過酷な屋外環境の変化に対応する塗料技術
鉄道車両は、安全に早く目的地に到着できることはもちろん、快適性やデザイン性も要求されます。また、最近では環境への負荷が少ない移動手段としても注目されています。通勤列車か観光列車かの違いはありますが、一般的に鉄道車両用の塗料には見た目の美しさが求められます。

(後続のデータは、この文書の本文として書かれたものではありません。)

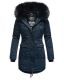 Navahoo Luluna Princess warme Damen Winterjacke mit Kunstfell Navy Größe XS - Gr. 34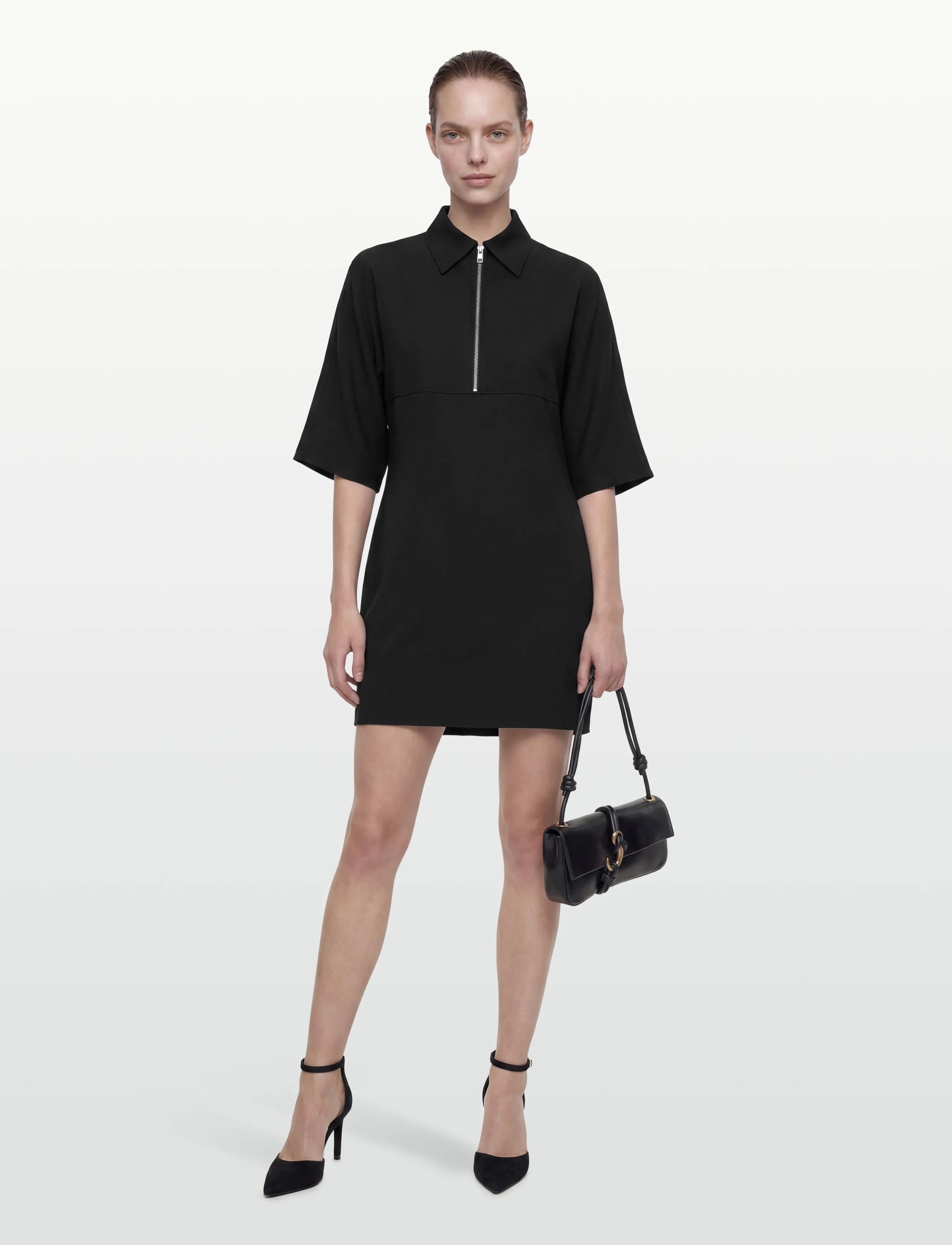 Filippa K Tunic Zip Dress - Inspiration - BLACK / black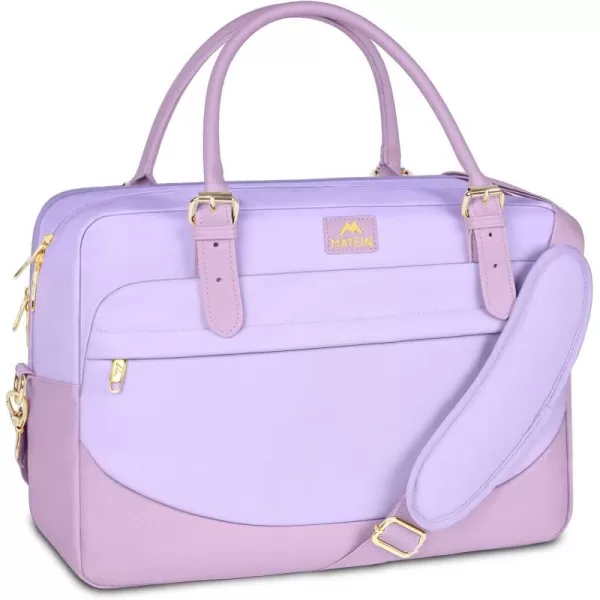 imageMATEIN Laptop Bag for Women 156 inch Computer Briefcase Sleeve Case Large Water Resistant Cute Messenger Work Tote Bible Temple Bag Crossbody for Teen Girls School College Office Travel Gifts PinkPurple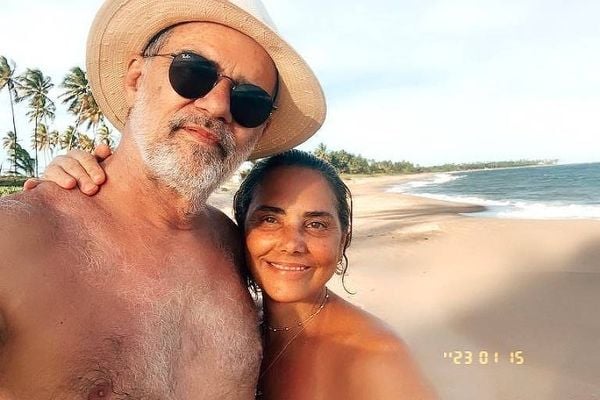 Heloisa Périssé com Mauro Farias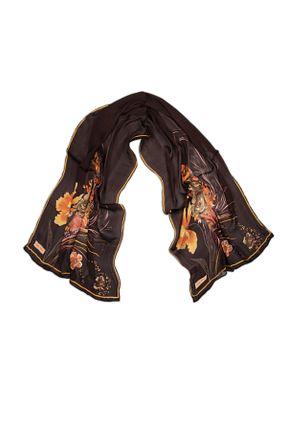 دستمال گردن قهوه ای زنانه ابریشم NUR İPEK - کد 825407554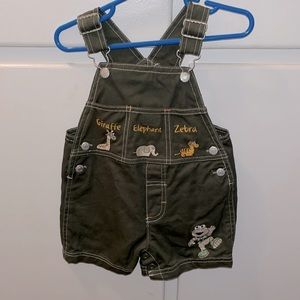 NWOT Elmo Overall Shorts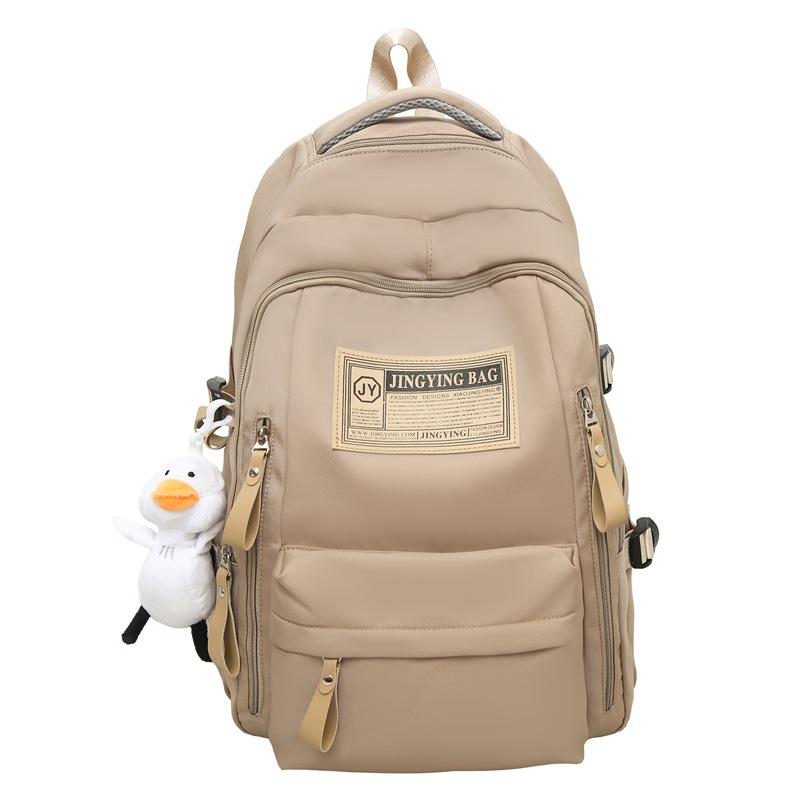 Unisex Large-Capacity Backpack for Students: Simple and Versatile for School, College, and Travel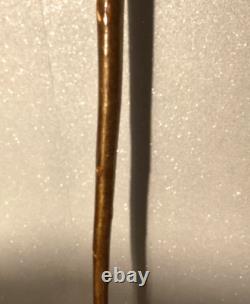 Vintage Shepherds Crook Hand Carved
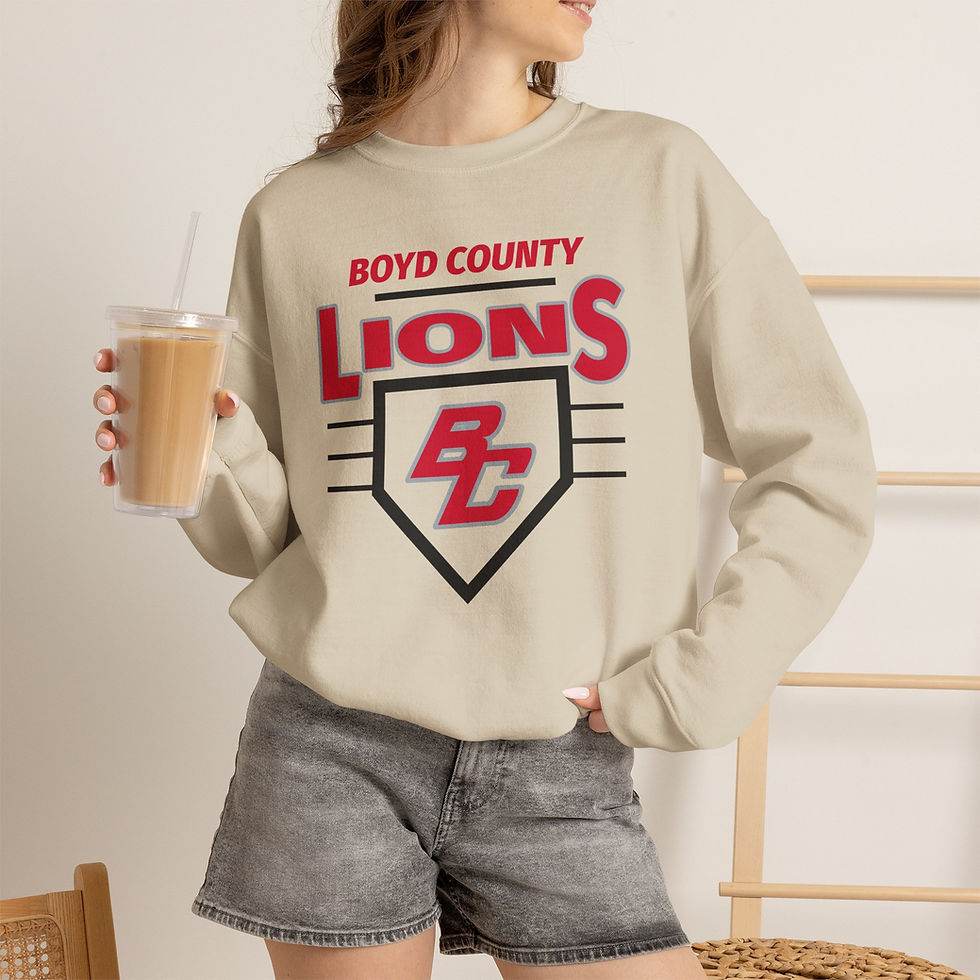 Thumbnail: Boyd County 90's Home Base Crewneck Sweatshirt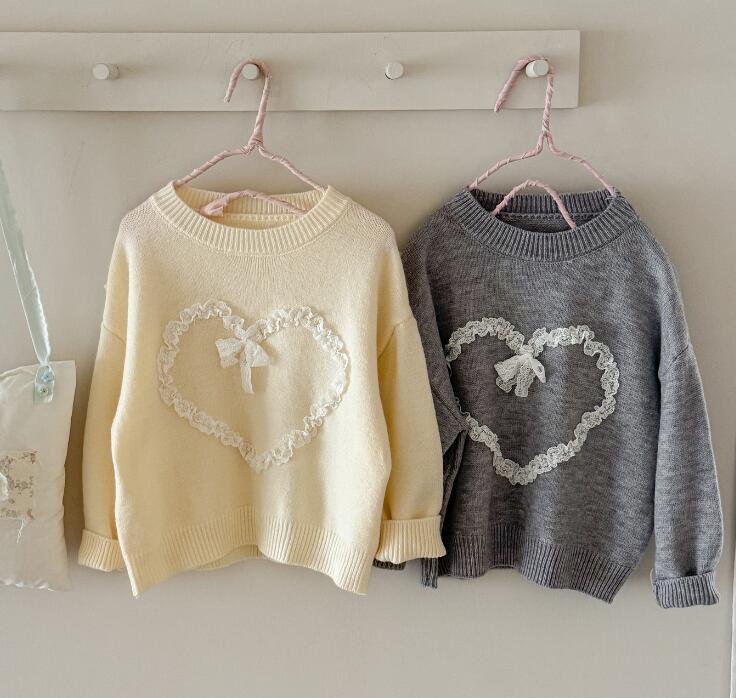 2025春新作LBB★子供服　セーター★90cm〜130cm 2色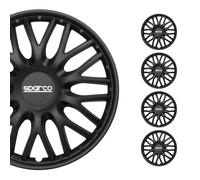 SPARCO Tapacubos 15" pulgada Set negro Embelecedores De Rueda Juego de tapacubos SPC1596BK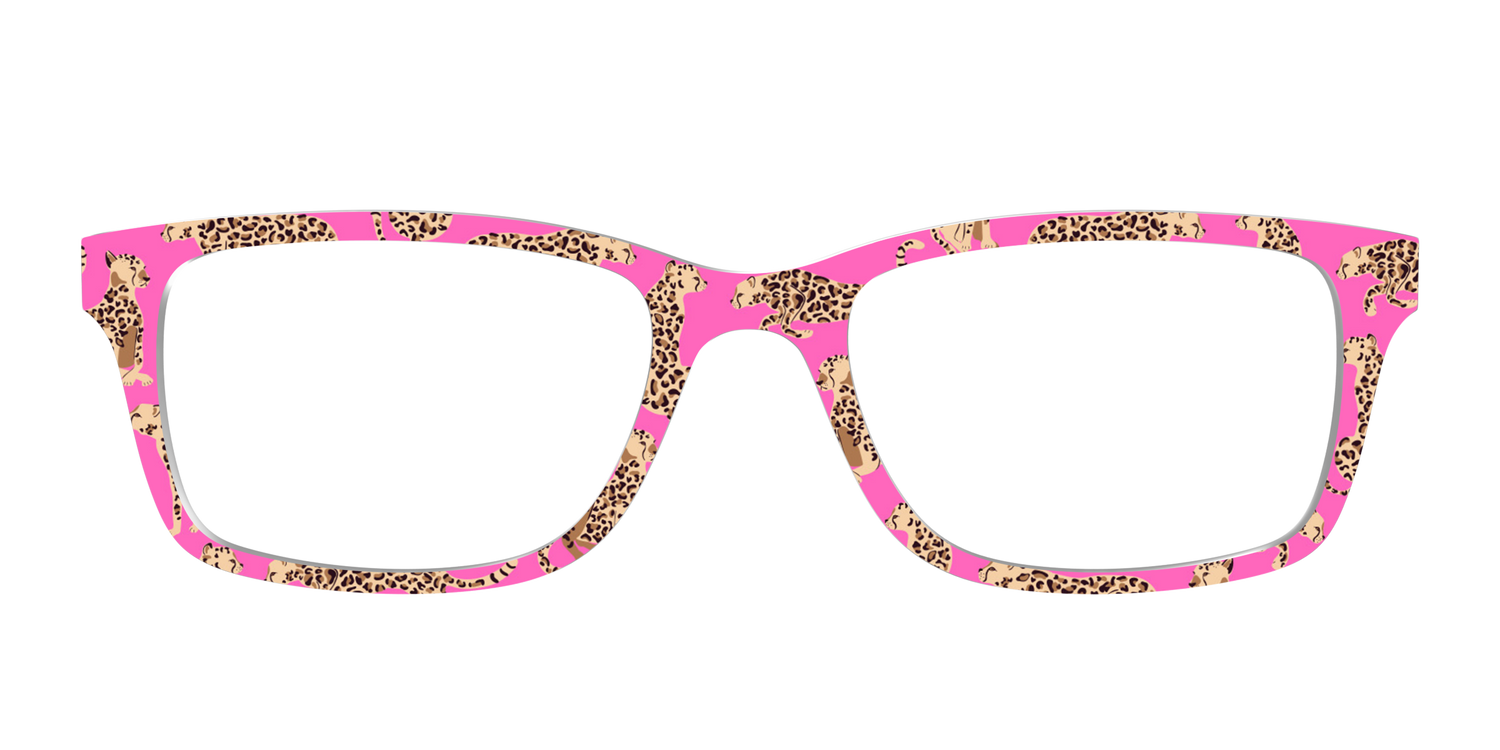 The Hot Pink Cheetahs - Front Top Image - Pair Eyewear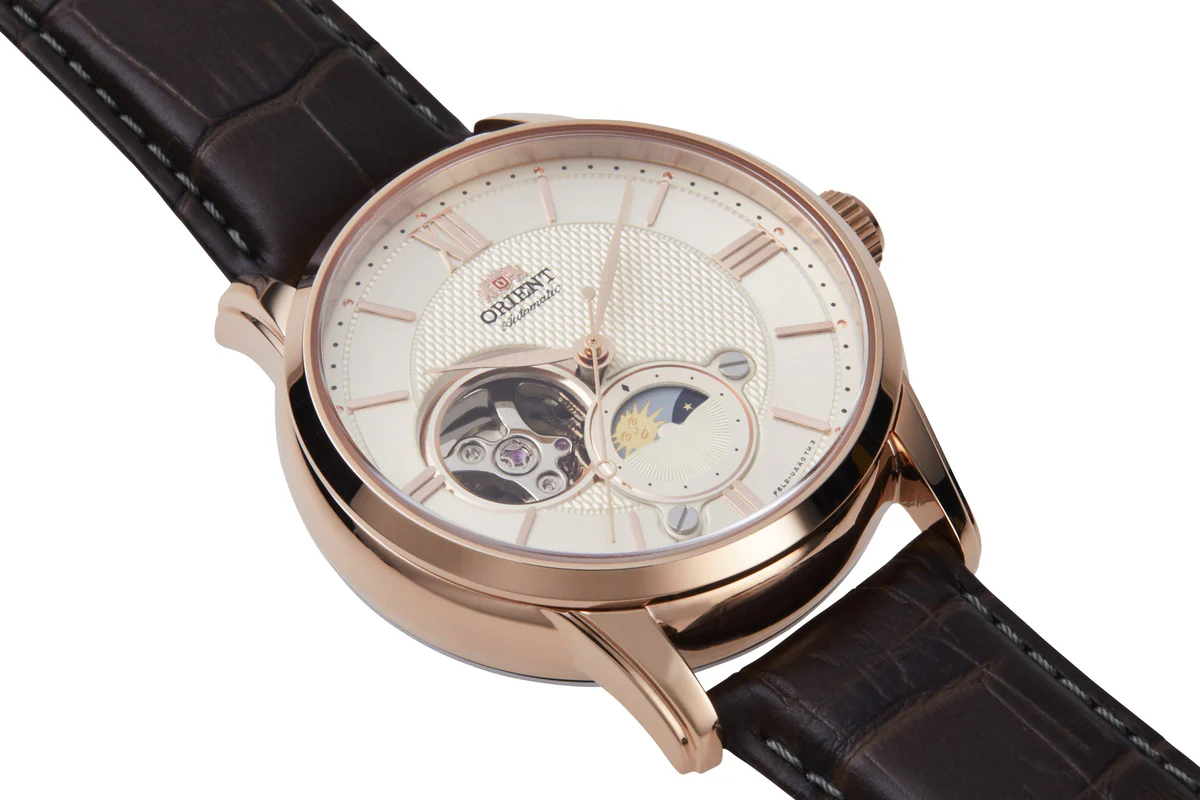 ORIENT RA-AS0009S Mechanical Classic Watch, Leather Strap - 42.0mm - Image 2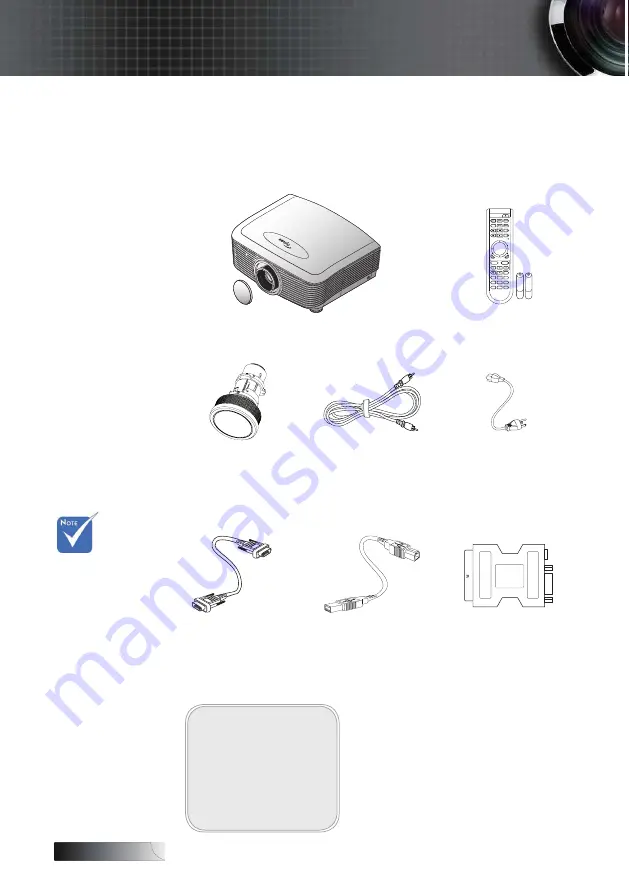 Optoma TW775 Manual Download Page 8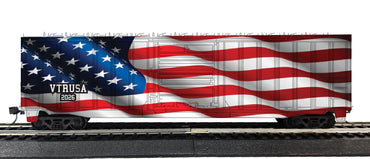 Value Trains USA 10116 - HO Box Car, Waving American Flag Scheme 2026 Edition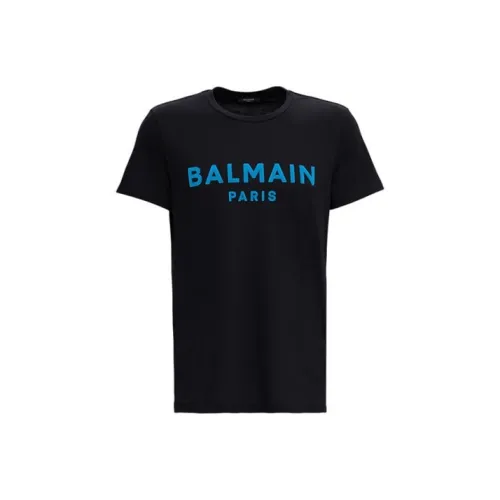 BALMAIN Мужские черные T-рубашки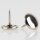 Stuhlbeinnagel Möbelgleiter 16 mm Metall vernickelt – Bodenschoner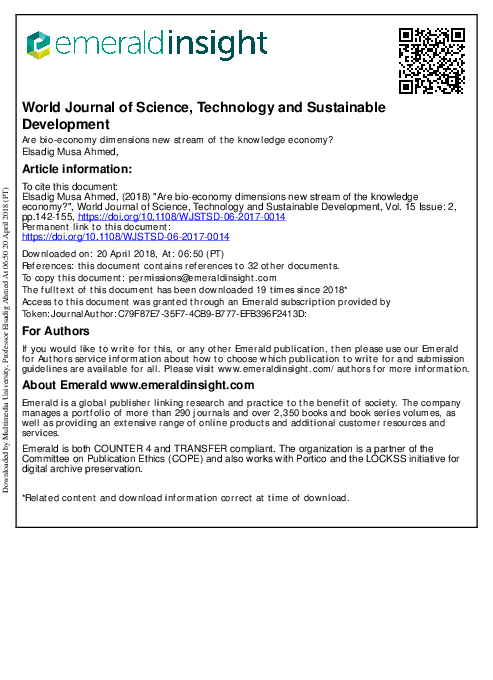 (PDF) World Journal of Science, Technology and Sustainable Development ...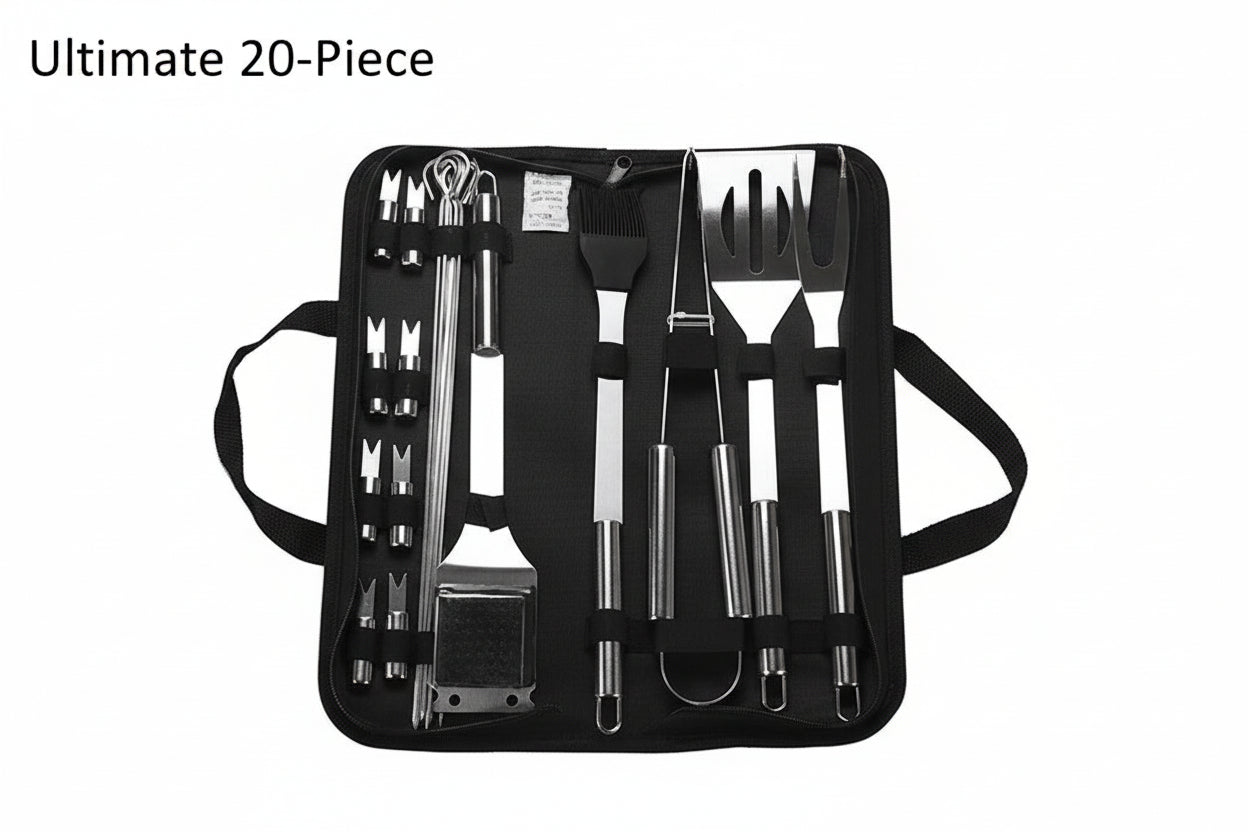 Complete Stainless Steel Braai Tool Set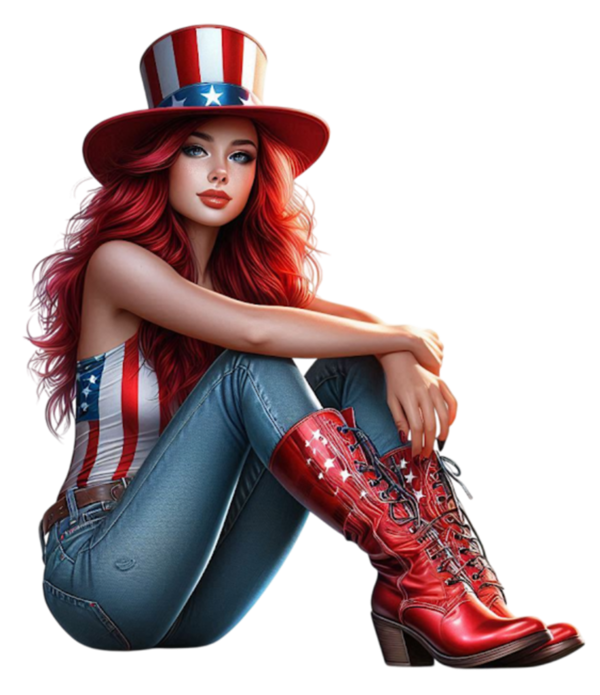 TUBE FILLE AU DRAPEAU DE SON PAYS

さらに、高速走行やトンネル内のすれ違いによる振動のほか、汚れ、夏の暑さや湿気、冬の寒さなど、四季を通じて過酷な環境の変化にさらされるため、高い保護機能も必要です。こうした走行環境に対応し、長く良い状態を保つためにはメンテナンスが重要となります。新車製造後も定期的に塗装のメンテナンスを行うことにより、車両の保全に努めています。

作業性とデザイン性の最適なバランスを追求
1990年代までの鉄道車両の外装は光沢が少なく、白を基調とした同系色が一般的でした。光沢を出すと車両外装板の凹凸が目立ちやすくなるためです。1990年代以降は車両の外装板に合金を使ったり、プレス加工の技術が進歩したりしたことで、溶接箇所が減少し、光沢感のあるメタリックカラーの車両も増えてきました。メタリックカラーは、見る角度によって色が変わるため、細かい色の見え方を調整する必要があります。また、塗装の作業も単色のソリッドカラーに比べてメタリックカラーの方が塗る回数が増加し、難易度も高くなる傾向があります。ソリッドカラーの場合は1回の塗装で20~30μm(1μm=1/1000㎜)の厚さになります。一方、メタリックカラーでデザイン性を出す場合、1回の塗装につき7~8μmと、より薄くかつ均一に何度も塗り重ねていかなければなりません。さらに、仕上げ保護用の透明な塗料であるクリアを塗る作業もあります。当社グループでは塗装の回数をできるだけ減らしながら、デザイン性を保つことができる塗料の提案に注力しています。

お客様が思い描いている色をカタチにする
鉄道車両用の塗料は実績のある材料から選ぶことが基本となります。鉄道車両に使う材料には決められた規格があり、新しい材料を採用すると提案までに時間がかかるためです。材料は赤色だけで約20種類、青色だと10種類は超えてきます。メタリックカラーも20種類程度あり、組み合わせ次第では何万通りにもなります。まず、平らな板に塗って発色を確認した後、山型の立体物に塗って色の陰影を確かめます。ある程度、色のイメージが固まってきたら、大きな面積に塗って再び確認していきます。これを繰り返すことで、最適な色を選んでいきます。色を決定する過程では、お客様と開発担当者の間をつなぐ役割を担うデザイナーのコミュニケーション能力が重要です。対話を重ね、きめ細かな修正を行うことで、お客様が理想とする色をカタチにしています。